Source data ▸
◇ ◇ ◇ ◇
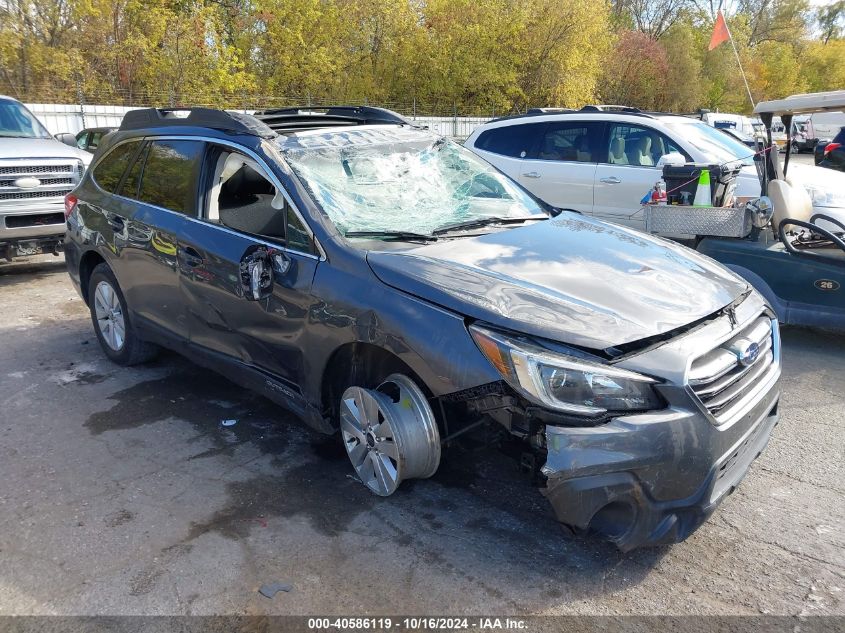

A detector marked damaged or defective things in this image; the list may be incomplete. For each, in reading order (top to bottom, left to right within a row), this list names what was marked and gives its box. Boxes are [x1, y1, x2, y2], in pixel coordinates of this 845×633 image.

crumpled hood [0, 138, 90, 163]
shattered windshield [280, 127, 544, 236]
broken side mirror housing [239, 247, 272, 298]
damaged gray subaru wagon [64, 107, 780, 548]
crumpled hood [366, 214, 748, 350]
damaged front bumper [536, 294, 780, 552]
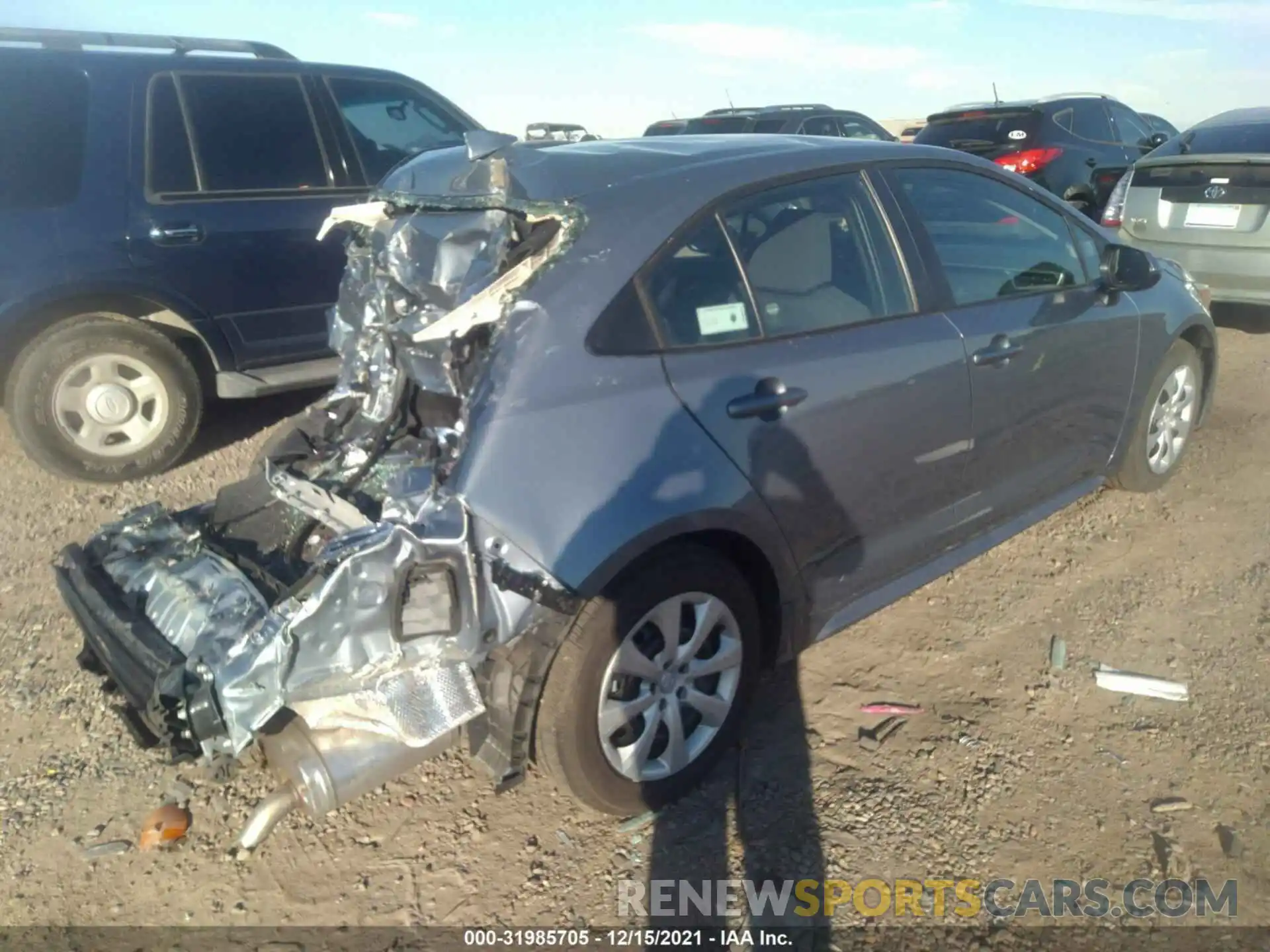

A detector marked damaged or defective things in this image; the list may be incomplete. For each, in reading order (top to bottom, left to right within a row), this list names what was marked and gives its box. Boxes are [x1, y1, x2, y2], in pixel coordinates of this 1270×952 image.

mangled bumper [50, 130, 585, 846]
crushed front end [51, 132, 585, 846]
bent chassis [53, 153, 590, 846]
severely damaged toyota corolla [52, 132, 1222, 846]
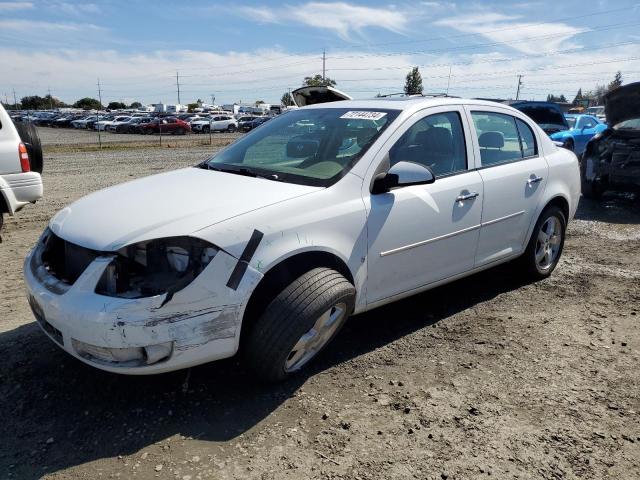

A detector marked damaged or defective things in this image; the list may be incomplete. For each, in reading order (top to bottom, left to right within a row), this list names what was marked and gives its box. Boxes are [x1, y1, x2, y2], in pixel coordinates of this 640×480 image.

damaged hood [604, 82, 640, 127]
damaged hood [49, 167, 320, 251]
crumpled bumper [22, 236, 262, 376]
front end damage [23, 230, 262, 376]
missing headlight [95, 236, 219, 300]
◇ ◇ ◇ ◇
Repeat exactly, and only, the lines from the one containing "this 640×480 image." through the last line above.

OUTPUT BELOW ▸
A detector marked damaged or defective things in this image; the list may be incomplete. For each, in reading order (top to bottom, left to right within a row), this list names what was marked and gives its box. Boxes are [x1, y1, x2, y2], in pixel coordinates of this 640×480 image.

damaged hood [604, 82, 640, 127]
damaged hood [49, 167, 320, 251]
crumpled bumper [22, 236, 262, 376]
front end damage [23, 230, 262, 376]
missing headlight [95, 236, 219, 300]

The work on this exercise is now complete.